Customer Reviews:   Read 6 more reviews...

5 out of 5 stars A conjurer of unique tales   July 5, 2006
 2 out of 2 found this review helpful

"Sacrament" is the tale of a young boy's apparently chance encounter with two immortals in the Yorkshire Dales, which changes the course of his life forever. As an adult living in San Francisco the encounter has left him with unfinished business (and a spirit guide that I felt held echoes of the bunny from Donnie Darko) to return to, business of epic proportions.

Clive Barker has a unique style and flow to his work, and a beautifuly brave and fertile imagination. This sees him glide well away from the often formulaic outpourings of other writers in his genre. Within the solidly described material worlds of California and Yorkshire, here is a story of humans and immortals, psychic powers, gods and devils and one in which esoteric and occult references abound.

My favourite pieces are the chapters set in Will's childhood. A number of modern writers of horror fantasy write exceptionally well from a youngster's point of view and then often insist on continuing or returning to the plot from a less-flexible adult perspective. This for me is only somewhat the case in "Sacrament".

Whilst Will's sexuality is important for elements of the twisting plot, Barker at times seems unsure what to do with it. The chapters set in the San Francisco gay scene are wearily and sometimes even cheesily romanticised.
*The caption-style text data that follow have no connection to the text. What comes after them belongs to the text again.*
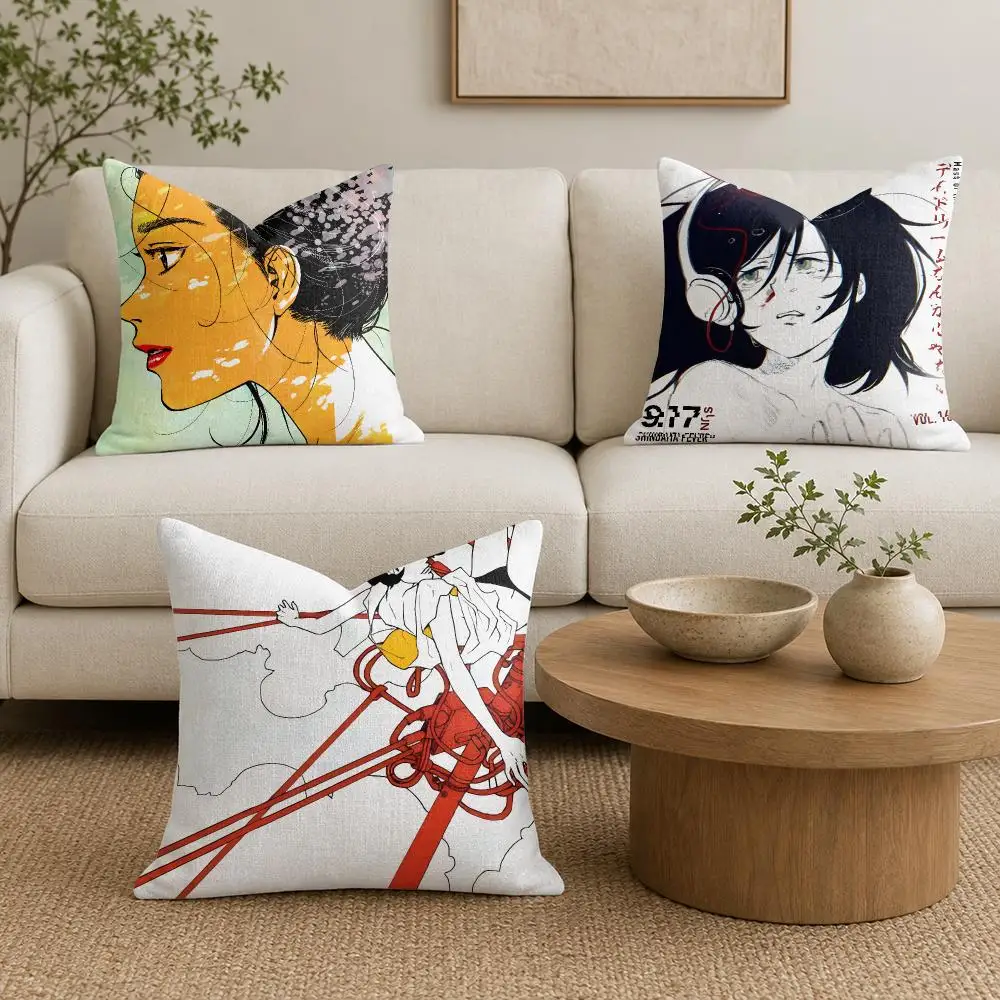 S-Shindaita F-Fever Cushion Cover Plush Fabric Soft Double-Sided Printed Sofa Warm Winter Home Gift Pillow Cover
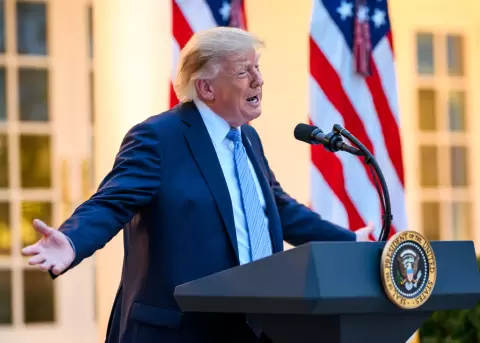 Donald Trump, presidente de Estados Unidos, en declaraciones a la prensa en la Casa Blanca.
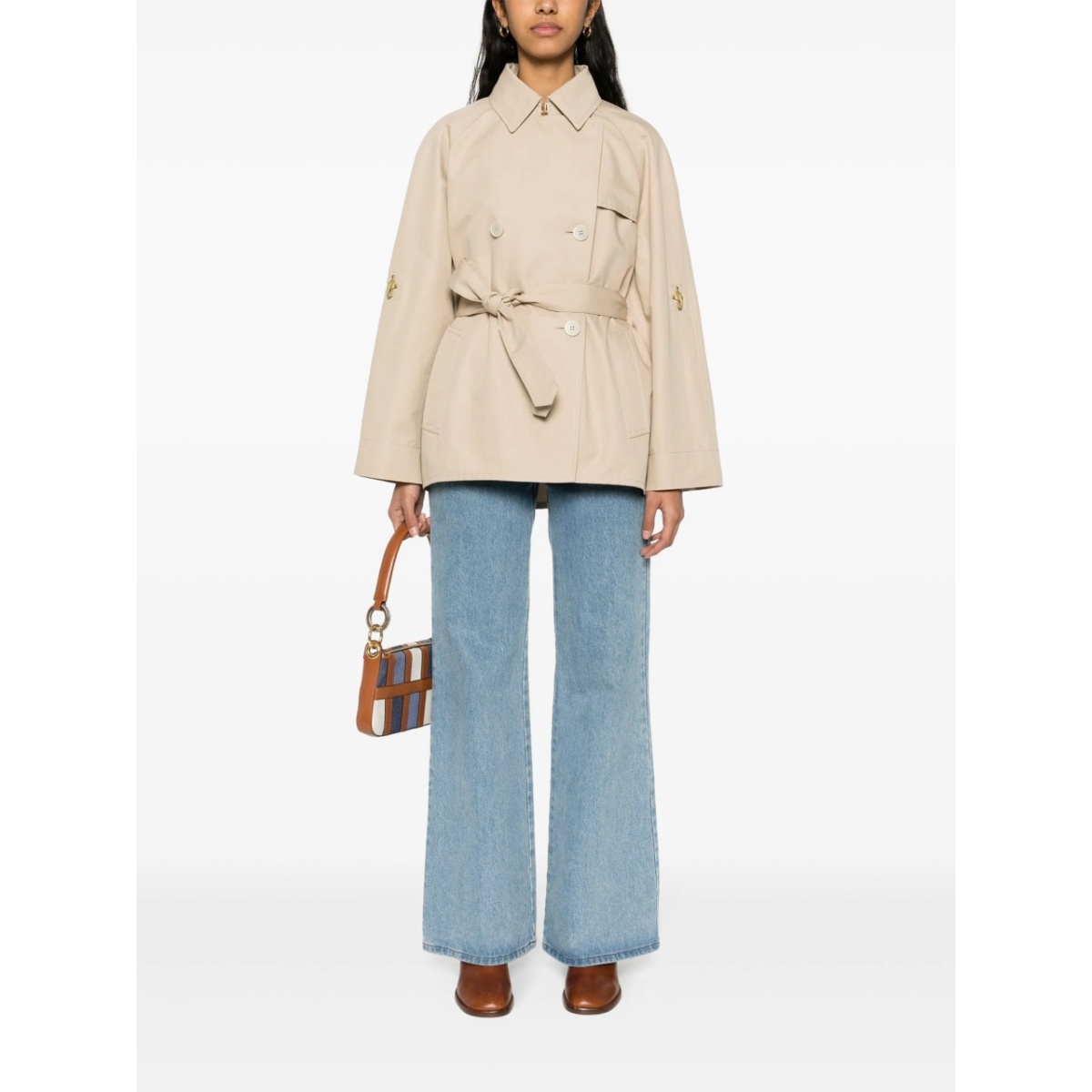 double-breasted short trench coat - Img 2
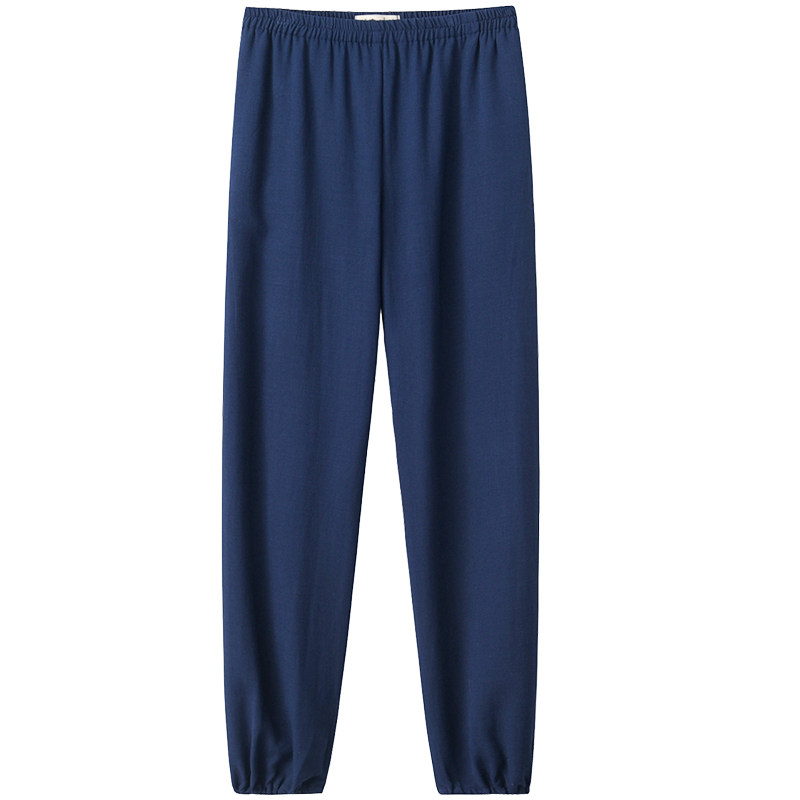 武当山太极裤男飘逸薄款双口袋宽松夏季竹节麻灯笼裤太极拳练功裤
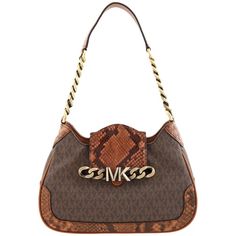 Python Print, Brown Shoulder Bag, Underarm Bag, Bag Light, Simple Bags, Handbags Michael Kors, Small Handbags, Printed Leather, Green Bag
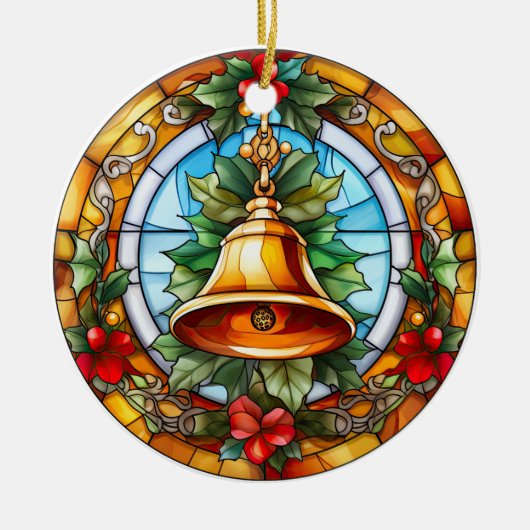 Weihnachtsglocke im Buntglasstil Keramik Ornament (Vorne)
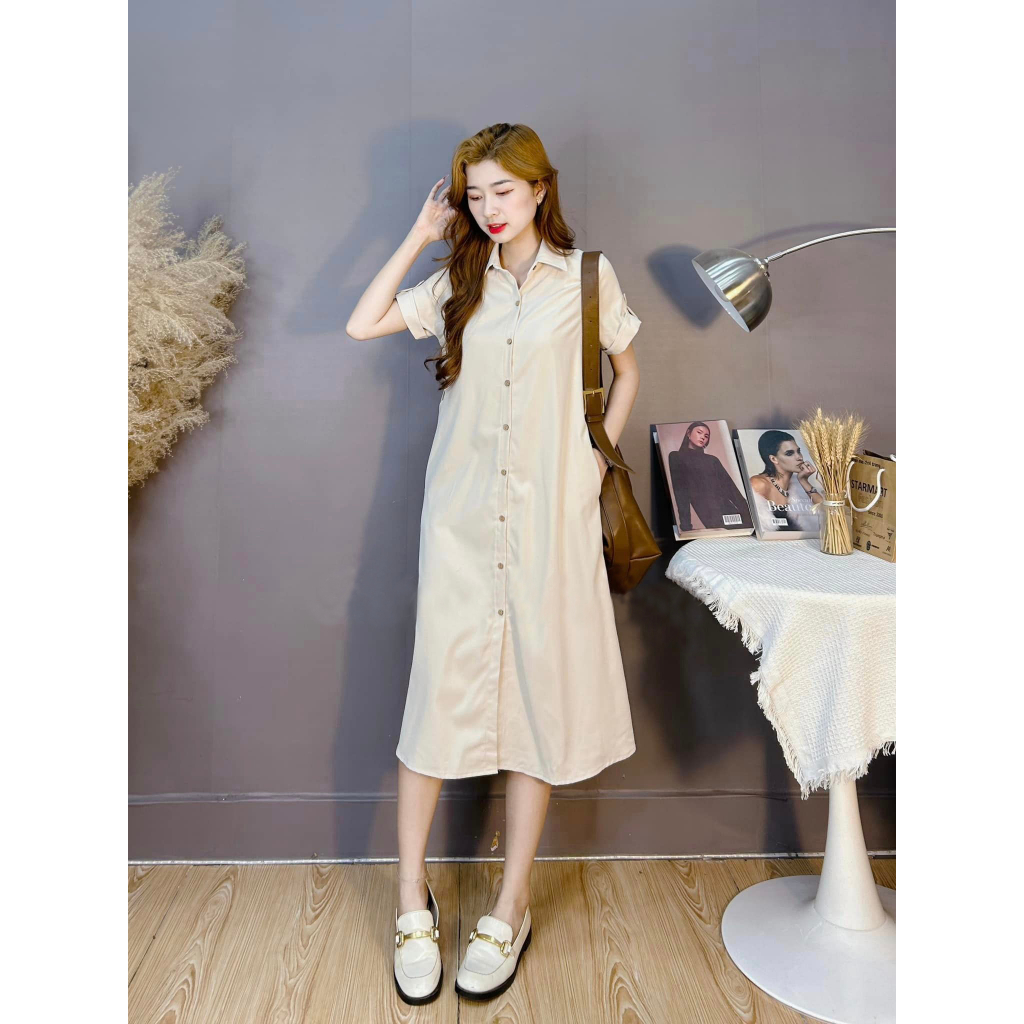 Váy sơ mi nữ NhunFashion Đầm thiết kế cao cấp dáng dài tay gập kèm đai eo tiểu thư xinh xắn N94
Though they do contrast - possibly deliberately - to the highly eroticised relationship of the immortal couple. The worst this does though is to give the reader a few extraneous pages and it hardly affects the flow of the book.

In all, an excellent read. I haven't read Clive Barker for a while, and having refreshed myself with "Sacrament" I think it's high time I was seeking him out again ...



5 out of 5 stars A masterpiece of dark and imaginative fiction.   March 23, 2006
 2 out of 2 found this review helpful

A dark tale that skates around the ideas and principals of extinction, both individual and as an entire species. The storyline finds itself placed both in the gay bars of San Francisco and the rather different atmosphere of the Yorkshire Dales. The novel blends dark fantasy with a sprinkling of the exotic and erotic. The base of the story skirts between the physical world of mankind and the haunting and surreal world of the magical and fantastic. The book opens the doors to many questions for the reader, but refreshingly it leaves the questions unanswered, allowing the reader to make their own conclusions and judgments. It is a book that you can tell Clive had brewing in himself for a long time, and this passionate masterwork has finally got released.

The book is well written and gripping from the start, with surreal character developments and even more bizarre twists within the plot. It will ease you into the unfolding tale and totally absorb you. A classic addition to Barker’s work.


5 out of 5 stars A Remarkable Rocket   February 18, 2003
 8 out of 9 found this review helpful

Undisputedly one of the best books I've ever read (and I mean all books, not just CB's).

While I am not a huge admirer of Barker's mainstream fiction, and am rather sceptical of the whole horror stratum of literature in general, this is definitely a must read. I'd like to be useful, though, and so I think there's something you should learn outright: If you're in primarily for horror, if you're looking for gore, ripped flesh and other more sickly things; in other words, if you only like concrete colours and not shades, this book isn't for you.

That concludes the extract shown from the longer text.